I sat in my car for a few minutes, said a quiet prayer, called our elementary school principal to break the news to her and then drove to the scene of the accident. It was the only thing I could think to do, and although the area was blocked off, I was able to spend time with our other high school assistant principal who had just driven by the scene.

The high school administrative team and I stayed at the school that night to call each of the 150 staff members. I also prepared a list of all the things we needed to do over the next days. The crisis affected more than our two schools; it touched our entire community.

The next day, we reached out to our assistant principal’s family, sharing our grief and sorrow, offering comfort and support. We prepared communications for our school families and coordinated media requests.

On Sunday, we called our extended crisis team together to plan for the upcoming days — a period filled with grief counseling, memorials and an effort to move forward for both schools.

The staff coordinated a memorial area on school grounds for the hundreds of flowers, cards and mementos that had been placed at the accident scene.

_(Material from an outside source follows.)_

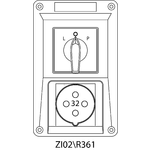 Switch socket ZI with disconnector L-O-P - 02\R361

School and community groups created memorial funds. Staff consoled students and each other. Schools from across the state offered assistance. Area clergy of all denominations offered their support, and families from across the district offered their help.

A special visitation was scheduled for school staff and students. For many of our students, this was the first experience with a visitation or funeral. The local funeral home was kind enough to send staff to the high school to help prepare students for the services. The bereaved family even visited with us and our students in what turned out to be our start of healing.

The assistant principal’s son and friend recovered, but sadly, her daughter died a few days after the accident. Years have passed, but the memories of this crisis in our district are vivid and linger to this day.

From a management perspective, we were prepared, our crisis plans were in place. Yet it was the people in our school district and in our community who helped us through that time — with kindness, compassion and grace.

Those attributes are in all of us, and it is our responsibility to model those characteristics and create cultures in which children learn the very best, even in the worst of times.